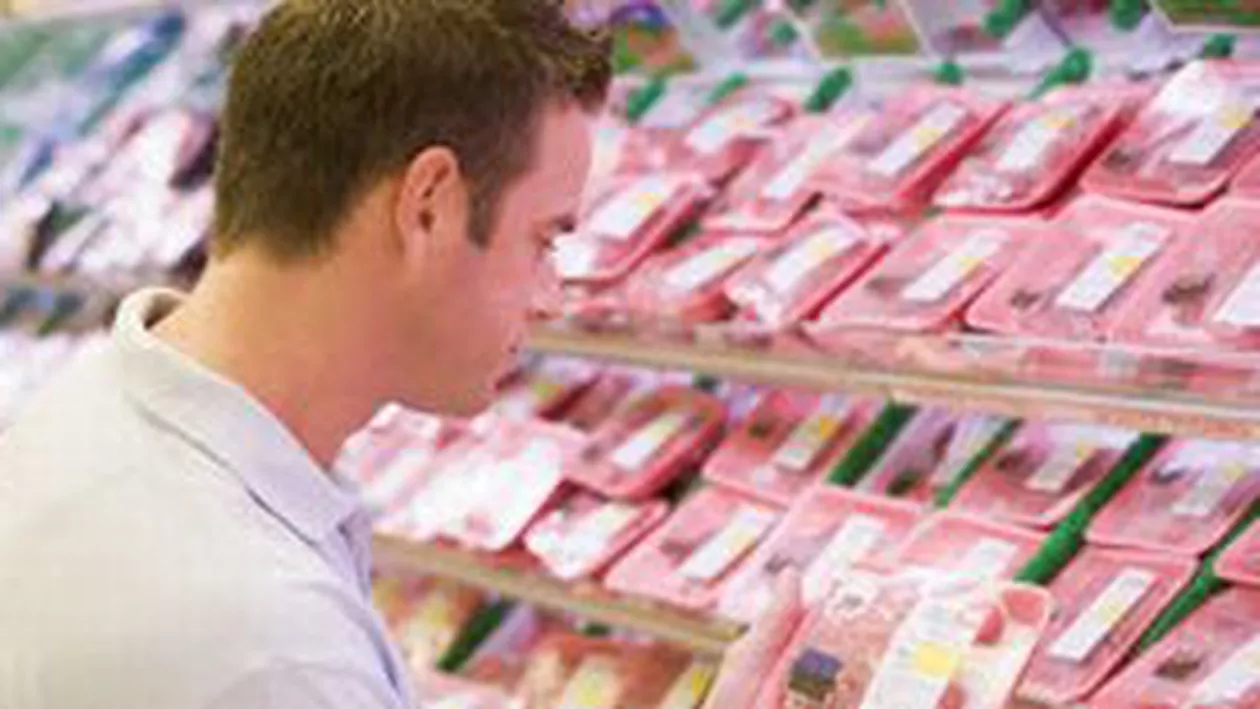 OPC, în control la produsele de carne: Mezeluri contrafăcute și alterate, pe rafturile supermarketurilor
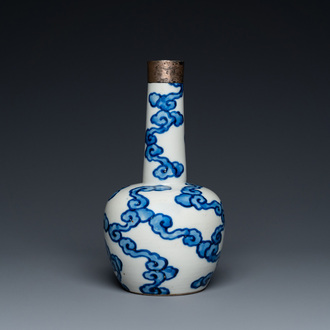 Vase de forme bouteille en porcelaine de Chine 'Bleu de Hue' pour le Vietnam, marque Thọ 壽, 18/19ème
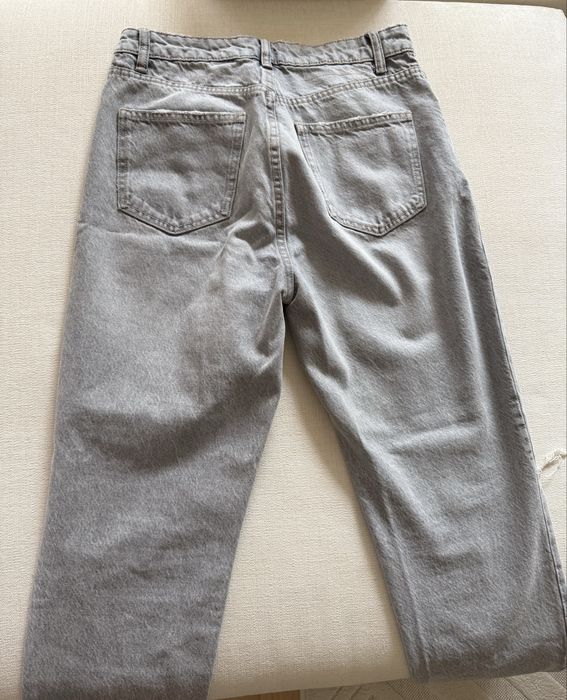 Сиви дънки на ZARA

_Activity_: The result should be the material above, unchanged and free of pictures; please print it.

_Solution_:
 OPC, în control la produsele de carne: Mezeluri contrafăcute și alterate, pe rafturile supermarketurilor
 Vase de forme bouteille en porcelaine de Chine 'Bleu de Hue' pour le Vietnam, marque Thọ 壽, 18/19ème
 Сиви дънки на ZARA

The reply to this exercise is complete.